Their best new product is awesome indeed: Salesforce Engage
It’s funny in many ways. I’ve focused on customer engagement as my core theme and the subject of my work and output for about 18 months now. Therefore, you would think that a product called Salesforce Engage would get me excited because it had something to do with customer engagement.
Where the sort-of-irony here comes in is because it doesn’t have anything to do with customer engagement (though that brings up the question, why give it that name?) except in an incredibly broad interpretation of what it is. What it actually provides is a product that truly addresses the alignment of sales and marketing – and thus is exactly what 21st century businesses require to be sales/marketing smart.
The foundation of the product is Pardot – the acquisition that came with the acquisition of Exact Target – and one of the best parts of the whole deal.
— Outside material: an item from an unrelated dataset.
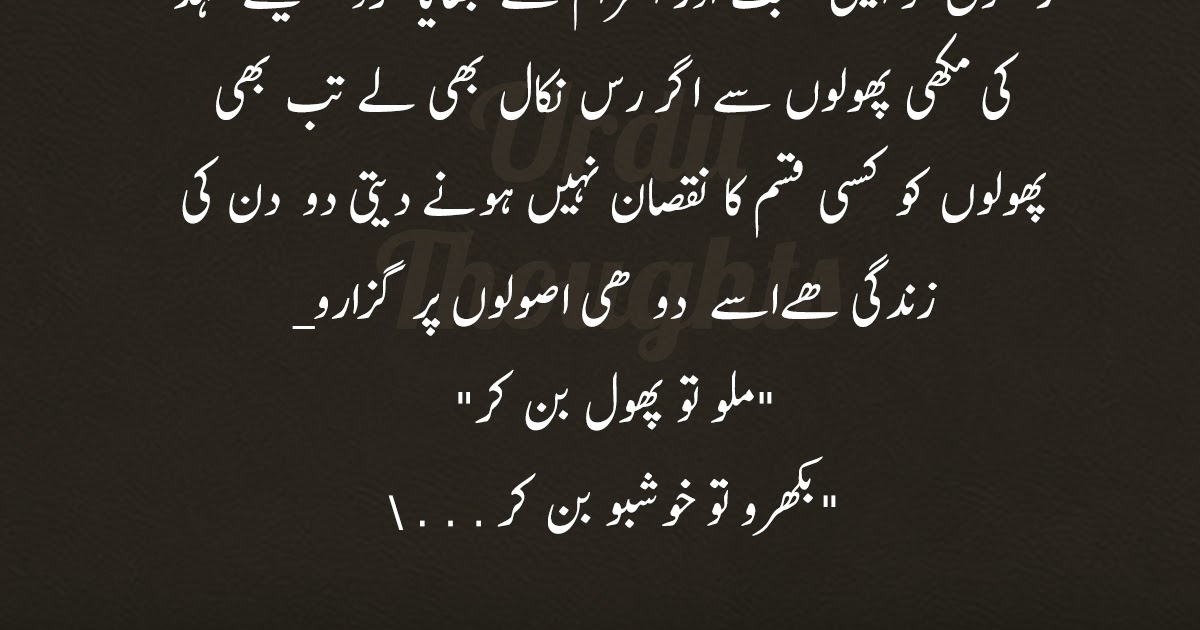 42+ Most Popular Best Quotes Ever In Urdu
For those of you who don’t know Pardot, they are worth getting to know. I’ve known of either them or them since their founding in Atlanta in 2007. One of the founders, Adam Blitzer, a terrific guy, remains at Salesforce, while the other one, David Cummings, has moved on to invest in companies, like CRM Idol 2014 contestant, Salesloft.
Pardot was a complete marketing automation solution that focused primarily on the midmarket while it remained independent. The foundation technology was solid as a rock and one of the best marketing automation solutions, both relatively and absolutely. Would I have used it for an enterprise deployment back in the day? No. However, for the midmarket and even the small business market (the upper end of it), it was a hands-down good possible choice.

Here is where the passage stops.